Problem to work on: Make an exact copy of all the entries, but do not reproduce the pictures.

Data for this exercise:
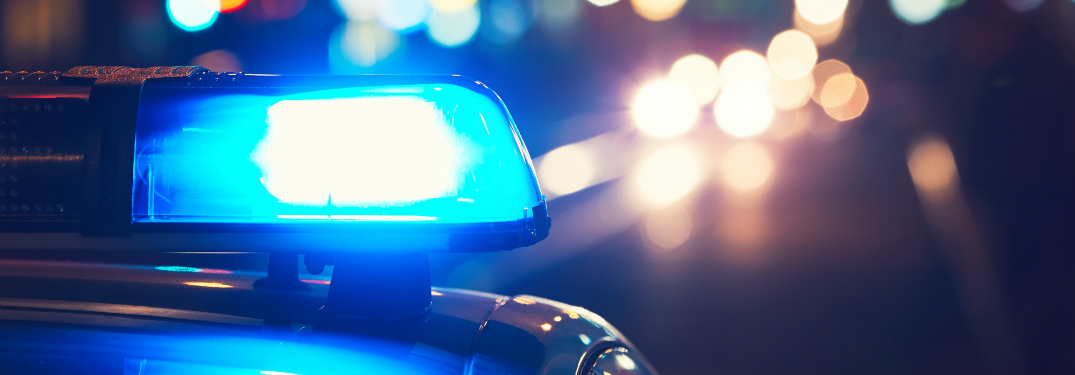 flashing blue light on cop car at night in city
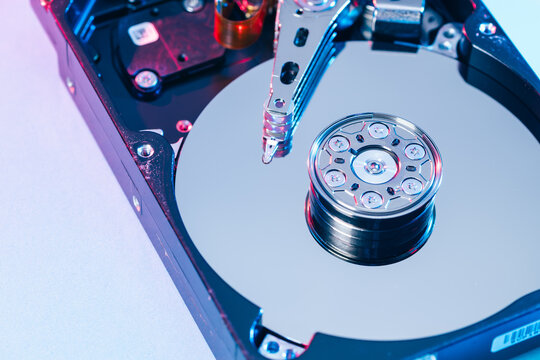 opened computer hard disk drive HDD internal components focusing on plattered disk and actuator read write head arm as a conceptual metaphor for cyber security big data cloud computing infrastructure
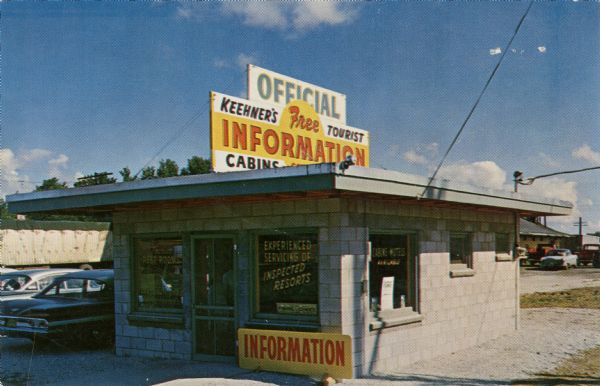 Exterior view of a small information center.

Text on reverse reads: "Keehner's Information Center
Specialists in locating you 'A Vacation Spot Sure To Please'
We have inspected all resorts Connie and Jack Keehner"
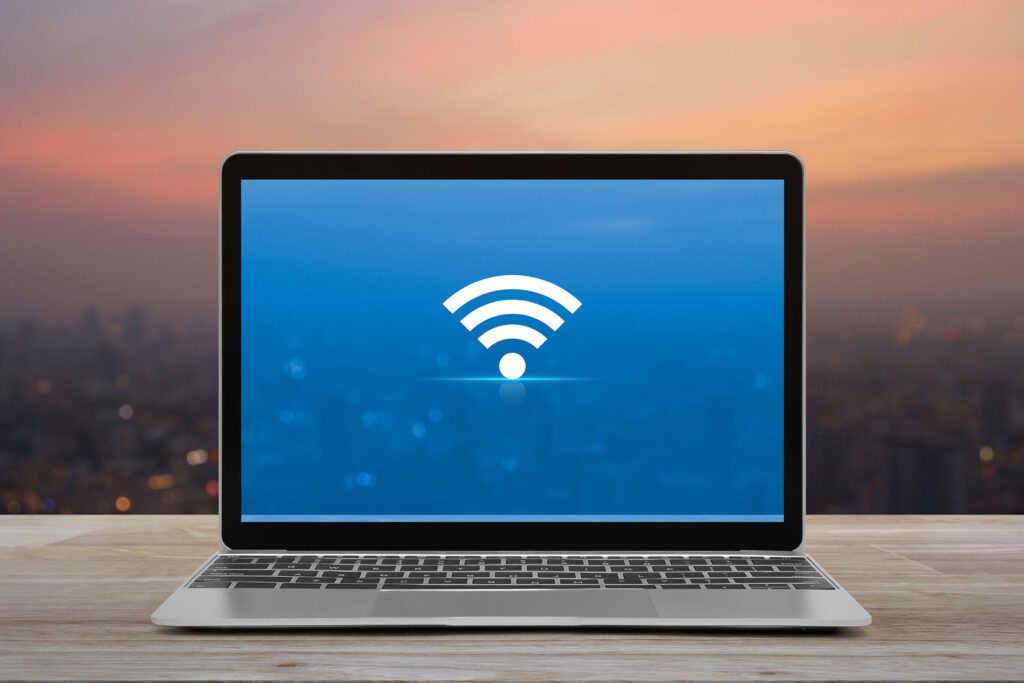Laptop with Wi-Fi symbol on the screen with a city view in the background.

Answer to this problem:
 flashing blue light on cop car at night in city
 opened computer hard disk drive HDD internal components focusing on plattered disk and actuator read write head arm as a conceptual metaphor for cyber security big data cloud computing infrastructure
 Exterior view of a small information center.

Text on reverse reads: "Keehner's Information Center
Specialists in locating you 'A Vacation Spot Sure To Please'
We have inspected all resorts Connie and Jack Keehner"
Laptop with Wi-Fi symbol on the screen with a city view in the background.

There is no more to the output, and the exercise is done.